Réunion du 20 janvier 2016 à 9h30
Commission des finances, de l'économie générale et du contrôle budgétaire

Photo issue du site de l'Assemblée nationale ou de WikipediaCharles de Courson :

Êtes-vous sûrs que les indicateurs statistiques français mesurent bien la réalité sociale ? Le concept de NEET – Not in Employment, Education or Training, c'est-à-dire les jeunes qui ne se trouvent ni en formation, ni en études, ni en emploi – me paraît le plus intéressant. Or les chiffres sont là en hausse depuis 2008, et vous nous dites que la légère baisse observée à partir de 2012 est peut-être simplement liée à un changement de méthode statistique. Quant aux ESL – Early School Leavers, c'est-à-dire sortants précoces –, êtes-vous sûrs que le critère du diplôme soit bien adapté à la mesure de ce phénomène ?

S'agissant des remèdes au décrochage, le vrai problème se situe, me semble-t-il, très en amont. Une grande partie de ces décrocheurs sont connus dès l'enseignement primaire : à la fin du CM2, une proportion d'environ 20 % des élèves – proportion en hausse lente, mais continue au cours des vingt à vingt-cinq dernières années – ne savent pas correctement lire, écrire et compter. Les enseignants que je rencontre me disent qu'ils repèrent ces enfants dès le CP ; les raisons de cette situation sont d'ailleurs nombreuses. Vous n'abordez pas cette question, mais ne faudrait-il pas intervenir dès l'école primaire ? Ne serait-ce pas beaucoup plus efficace et beaucoup moins coûteux ? Permettez-moi de penser, mes chers collègues, que la question de la réforme du collège est tout à fait subsidiaire par rapport à cette question de fond de l'enseignement primaire.

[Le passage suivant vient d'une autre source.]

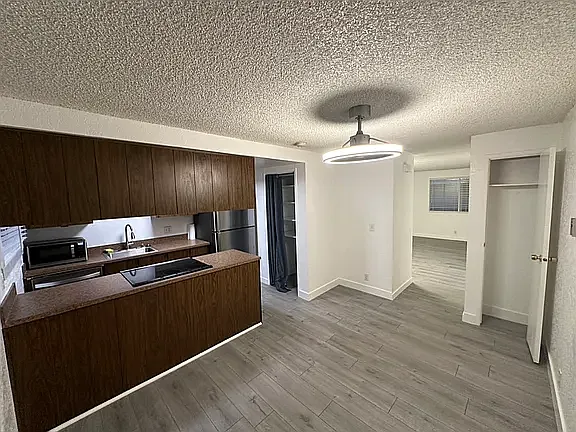 120 Stanford Dr #C — Photo 5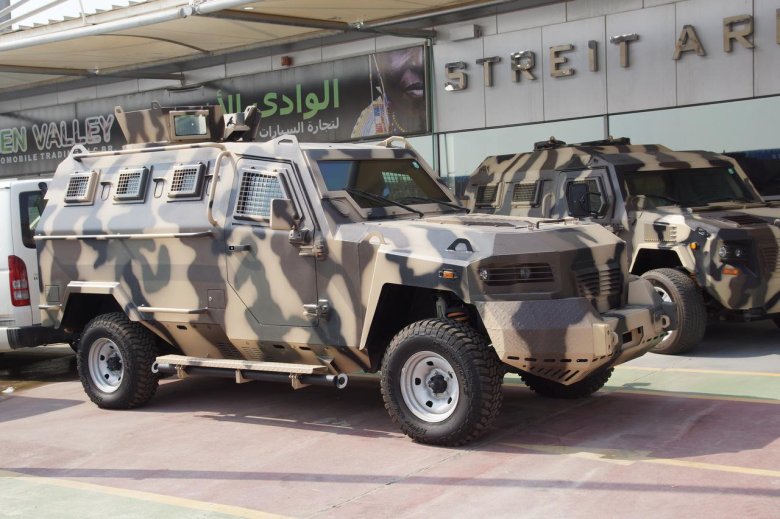 Streit group falcon 4x4 apc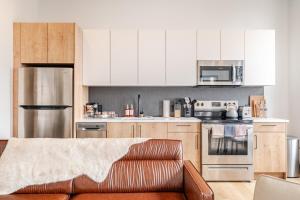 Dapur atau dapur kecil di Cozy 1BR Downtown Birmingham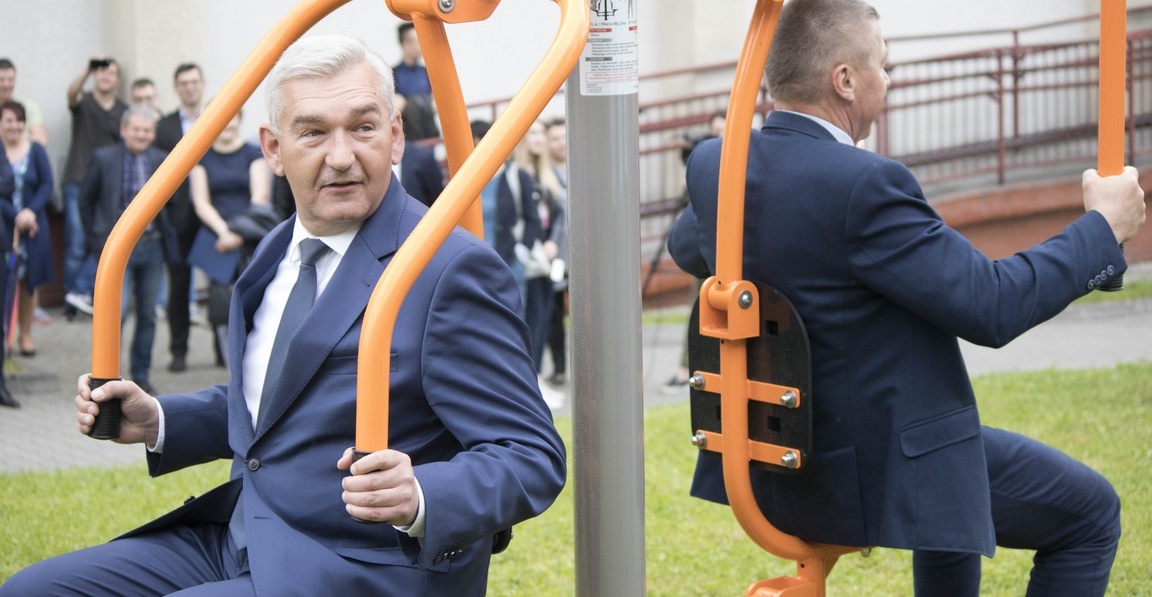 ZSP Nr 1 - Plenerowa siłownia szkolna już otwarta!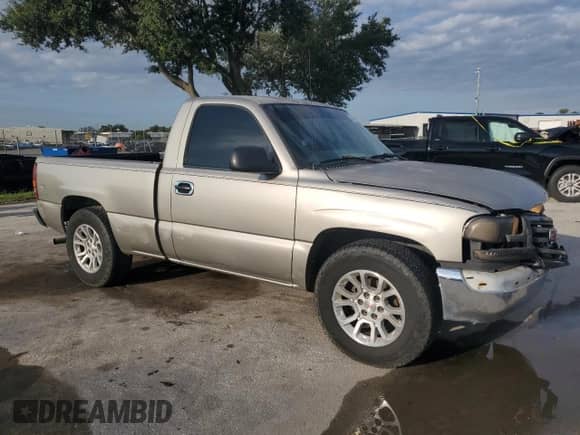 2002 GMC Sierra 1500 z VIN 1GTEC14W02Z254484, wystawiony jako Copart lot #68341995 z przebiegiem 212 814 mil mil oraz Szkoda całkowita • Salvage title. Historia ofert i sprzedaży dostępna na DreamBid. Obrazek 4.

Pour ce qui est du problème institutionnel, je me sens assez proche de la réflexion de notre collègue Wauquiez, sans y mettre autant de vigueur, étant moi-même issu de la Cour des comptes. Je rappelle que ce n'est pas la Cour qui dirige ce pays, mais l'exécutif, de temps en temps sous l'influence du législatif.

Il n'est pas à mon sens possible de mener en la matière une politique nationale. Pourquoi ne pas confier cette compétence aux régions ? Cela ne voudrait pas dire que l'État s'en désintéresserait ; il pourrait signer des accords avec les régions, afin de mettre en place des politiques adaptées à chacune. Il reviendrait aux régions de mener des politiques par bassin d'emploi, car les situations peuvent différer du tout au tout. Mais vous n'osez pas faire cette proposition : vous vous montrez au fond très conservateurs. Vous vous contentez de demander des plans pluriannuels.

C'est là la dérive de la gouvernance à la française : on ne restructure jamais. Il faudrait pourtant désigner un pilote dans l'avion, un patron, responsable, à qui on donne les moyens d'agir – l'État surveillant bien sûr la mise en oeuvre de ces politiques.

Enfin, s'agissant de l'évaluation, je regrette que vous ne portiez pas d'appréciation sur le rapport entre le coût et l'efficacité, au regard de la difficulté des différents publics, qui n'est pas du tout la même pour chacune des cibles de ces vingt-deux dispositifs.